Data for this exercise
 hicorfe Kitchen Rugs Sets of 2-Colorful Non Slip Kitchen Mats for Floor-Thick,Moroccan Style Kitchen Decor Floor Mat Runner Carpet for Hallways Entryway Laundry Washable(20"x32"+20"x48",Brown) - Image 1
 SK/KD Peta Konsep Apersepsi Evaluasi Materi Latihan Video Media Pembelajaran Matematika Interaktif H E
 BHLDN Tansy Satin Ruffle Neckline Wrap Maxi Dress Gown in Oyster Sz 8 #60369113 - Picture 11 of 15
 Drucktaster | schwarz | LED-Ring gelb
--
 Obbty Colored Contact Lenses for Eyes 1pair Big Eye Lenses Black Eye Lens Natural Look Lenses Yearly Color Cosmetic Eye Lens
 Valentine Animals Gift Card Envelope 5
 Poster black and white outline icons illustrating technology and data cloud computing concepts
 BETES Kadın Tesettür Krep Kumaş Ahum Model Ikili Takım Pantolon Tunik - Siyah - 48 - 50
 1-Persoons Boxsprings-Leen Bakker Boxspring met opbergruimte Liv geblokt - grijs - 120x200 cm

Work request
One stretch of the lines above is wanted, from the line that contains "Obbty Colored Contact" through the line that contains "1-Persoons Boxsprings-Leen Bakker". Output it exactly.

Exercise output
 Obbty Colored Contact Lenses for Eyes 1pair Big Eye Lenses Black Eye Lens Natural Look Lenses Yearly Color Cosmetic Eye Lens
 Valentine Animals Gift Card Envelope 5
 Poster black and white outline icons illustrating technology and data cloud computing concepts
 BETES Kadın Tesettür Krep Kumaş Ahum Model Ikili Takım Pantolon Tunik - Siyah - 48 - 50
 1-Persoons Boxsprings-Leen Bakker Boxspring met opbergruimte Liv geblokt - grijs - 120x200 cm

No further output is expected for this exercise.